How to Tell If People Are Paying Attention on Zoom

Watch the eyes for the giveaway.

Key points

  • Zoom meetings differ from real life conversations in terms of perceptual information.
  • Judging gaze direction on Zoom probably won't tell you much about whether others are paying attention.
  • You can tell whether someone is paying attention to the conversation by counting their blinks.
Anna Shvets/Pexels
Source: Anna Shvets/Pexels

We’ve all been there: you’re on a long Zoom meeting with several other people, and your attention starts to wander. You click over to read your email, or Twitter, or the news—but, as long as you aren’t sharing your screen, it’s ok because no one can see, right? There could still be a way for someone to tell if you are paying attention.

Eye gaze can be misleading.

People sometimes try to judge attentiveness on Zoom by tracking other people’s gaze—what, you wonder, is that person looking at? This is only natural. We humans are supremely sensitive to where other people’s eyes are pointing since this usually indicates where someone’s attention is directed. In fact, the white of the eye in humans, called the sclera, likely evolved as a way to make it easier to judge where other people are looking. The uniformly starch-white color makes our darker irises and pupils stand out, helping our brains work out where someone's eyes are pointed. Our chimpanzee cousins are less reliant on inferring where others’ attention lies, and it is probably no accident that they have a range of sclera colors in the wild, ranging from dull white to brown.

Vanessa Bumbeers/Unsplash
Source: Vanessa Bumbeers/Unsplash

Our eyes are white precisely because inferring attention is such valuable information. More than anything, perhaps, we want to know if someone is paying attention to us during a conversation.

Can watching people’s gaze on Zoom help us judge whether they are paying attention to the conversation or reading something else? Unfortunately not. There isn’t an alignment of eye gaze and attention as there is in real life.

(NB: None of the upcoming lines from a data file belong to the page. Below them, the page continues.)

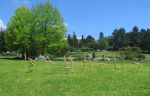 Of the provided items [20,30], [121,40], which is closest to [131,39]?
[121,40]

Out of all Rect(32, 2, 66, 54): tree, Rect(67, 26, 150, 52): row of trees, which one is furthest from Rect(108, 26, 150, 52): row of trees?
Rect(32, 2, 66, 54): tree

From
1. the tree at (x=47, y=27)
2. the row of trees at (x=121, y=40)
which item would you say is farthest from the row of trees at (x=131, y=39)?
the tree at (x=47, y=27)

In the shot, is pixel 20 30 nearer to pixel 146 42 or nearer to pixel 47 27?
pixel 47 27

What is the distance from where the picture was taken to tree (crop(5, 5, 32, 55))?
7675cm

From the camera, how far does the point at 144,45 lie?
499 ft

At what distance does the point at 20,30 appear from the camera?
77.5m

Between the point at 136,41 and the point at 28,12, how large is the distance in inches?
3582

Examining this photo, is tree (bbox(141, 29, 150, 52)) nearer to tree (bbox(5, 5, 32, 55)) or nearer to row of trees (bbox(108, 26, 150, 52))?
row of trees (bbox(108, 26, 150, 52))

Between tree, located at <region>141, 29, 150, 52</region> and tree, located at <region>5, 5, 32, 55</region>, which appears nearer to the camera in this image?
tree, located at <region>5, 5, 32, 55</region>

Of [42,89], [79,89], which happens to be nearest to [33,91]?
[42,89]

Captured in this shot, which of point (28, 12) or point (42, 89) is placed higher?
point (28, 12)

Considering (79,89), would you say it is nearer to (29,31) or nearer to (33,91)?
(33,91)

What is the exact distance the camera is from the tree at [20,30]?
76.8 meters

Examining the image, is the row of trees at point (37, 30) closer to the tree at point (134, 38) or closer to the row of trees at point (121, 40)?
the row of trees at point (121, 40) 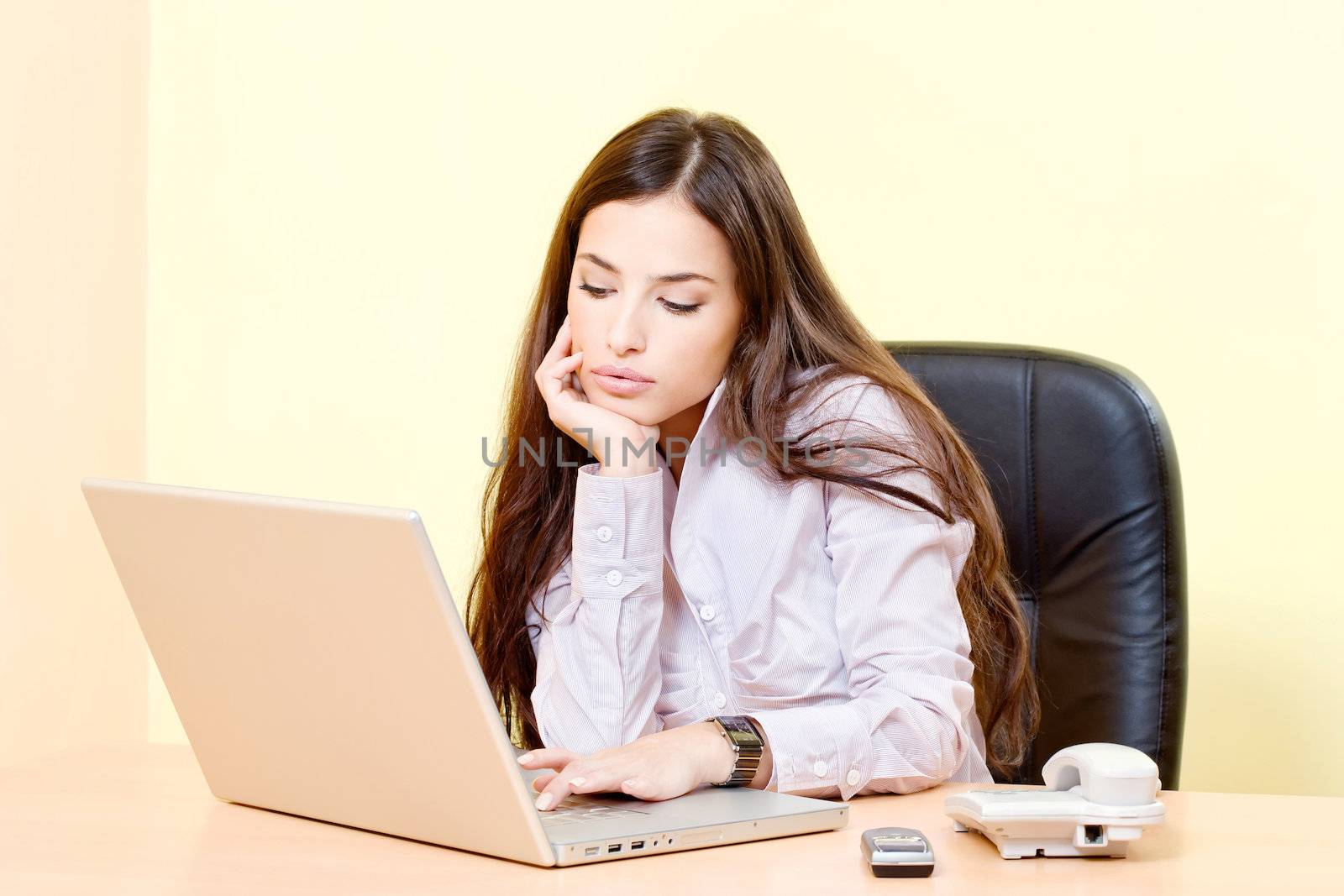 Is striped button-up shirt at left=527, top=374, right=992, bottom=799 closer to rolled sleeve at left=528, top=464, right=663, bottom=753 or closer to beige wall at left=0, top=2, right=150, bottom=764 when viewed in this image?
rolled sleeve at left=528, top=464, right=663, bottom=753

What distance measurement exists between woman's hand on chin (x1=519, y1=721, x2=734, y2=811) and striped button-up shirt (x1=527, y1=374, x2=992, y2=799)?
20cm

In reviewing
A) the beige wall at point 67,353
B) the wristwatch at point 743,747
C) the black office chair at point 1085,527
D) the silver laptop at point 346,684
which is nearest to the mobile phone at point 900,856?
the silver laptop at point 346,684

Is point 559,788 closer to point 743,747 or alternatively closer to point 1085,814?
point 743,747

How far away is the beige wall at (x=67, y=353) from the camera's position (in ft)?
7.32

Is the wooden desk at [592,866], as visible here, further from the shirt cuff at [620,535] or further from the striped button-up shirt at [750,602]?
the shirt cuff at [620,535]

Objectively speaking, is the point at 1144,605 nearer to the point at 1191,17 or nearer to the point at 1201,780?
the point at 1201,780

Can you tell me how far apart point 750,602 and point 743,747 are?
1.10 feet

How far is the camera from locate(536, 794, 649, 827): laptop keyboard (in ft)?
3.15

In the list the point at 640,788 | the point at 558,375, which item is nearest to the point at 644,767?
the point at 640,788

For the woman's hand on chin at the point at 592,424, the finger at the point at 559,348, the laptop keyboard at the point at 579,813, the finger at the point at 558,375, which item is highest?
the finger at the point at 559,348

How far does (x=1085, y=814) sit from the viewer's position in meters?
0.90

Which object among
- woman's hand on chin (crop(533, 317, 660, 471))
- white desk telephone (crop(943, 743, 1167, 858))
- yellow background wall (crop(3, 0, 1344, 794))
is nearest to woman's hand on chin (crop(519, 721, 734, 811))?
white desk telephone (crop(943, 743, 1167, 858))

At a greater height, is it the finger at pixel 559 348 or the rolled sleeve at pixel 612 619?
the finger at pixel 559 348

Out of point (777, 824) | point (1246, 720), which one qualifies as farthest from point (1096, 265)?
point (777, 824) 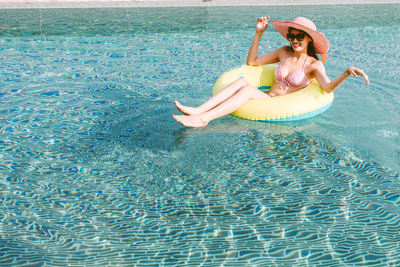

Since webcams sit above the screen where your attention is focused, you won't be looking directly at someone when you are paying attention to them. And your video box may be on different parts of the screen for different Zoom-mates. Plus, one could be taking notes on another screen all while paying good attention and engaging in the conversation.

It's also tough to catch people reading by tracking gaze. Video resolution is also generally not good enough to record the characteristic side-to-side scanning we perform during reading (but be aware that this can sometimes be noticeable).

So you will probably just be confused—and distracted—if you are assessing attention by trying to figure out where someone's eyes are pointed, or how their eyes are moving.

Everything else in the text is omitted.